Single by Plies

from the album Goon Affiliated
- Released: June 19, 2009
- Recorded: 2009
- Genre: Hip-hop
- Length: 3:24
- Label: Big Gates, Slip-n-Slide, Atlantic
- Songwriter(s): Algernod Washington, J. R. Rotem
- Producer(s): J.R. Rotem

Plies singles chronology
| "Plenty Money" (2009) | "Becky" (2009) | "Headboard" (2009) |

= Becky (song) =

"Becky" is the first single of Plies's fourth album, Goon Affiliated. The track was released on the internet by Plies via his Twitter.

The song had its radio station premiere on Power 107.1 in Macon, Georgia on June 23, 2009. The song has since sold over 2,789,000 copies, also peaked at number #1 on Bubbling Under Hot 100 and Hot R&B/Hip-Hop Songs.

It's also the 6th time Plies and producer J.R. Rotem have worked together. They worked together on Plies previous singles "Bust It Baby Pt. 2" featuring Ne-Yo and "Want It, Need It" featuring Ashanti.

==Music video==
The video premiered on September 22, 2009. Freeway and Rick Ross make cameos appearances in the video.
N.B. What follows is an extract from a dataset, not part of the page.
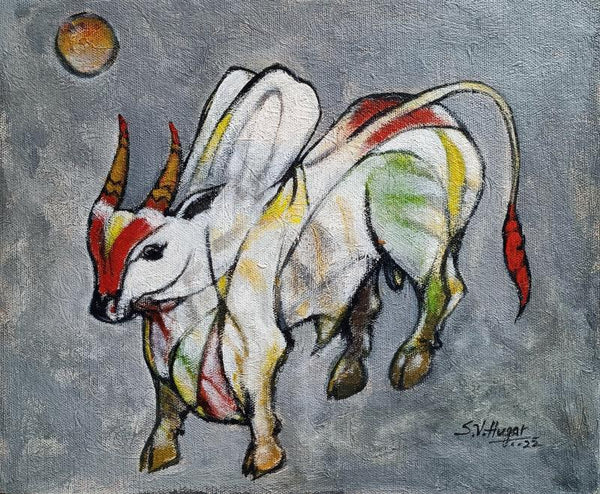 Bull 12 Painting by Shivu Hugar | ArtZolo.com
The song refers to a woman who is good at performing oral sex, in which "Becky" is a slang term.

==Chart performance==

| Chart (2009) | Peak position |
|---|---|
| U.S. Billboard Bubbling Under Hot 100 | 1 |
| U.S. Billboard Hot R&B/Hip-Hop Songs | 32 |

==Certifications==

| Region | Certification | Certified units/sales |
| United States (RIAA) | Gold | 500,000^{*} |
^{*} Sales figures based on certification alone.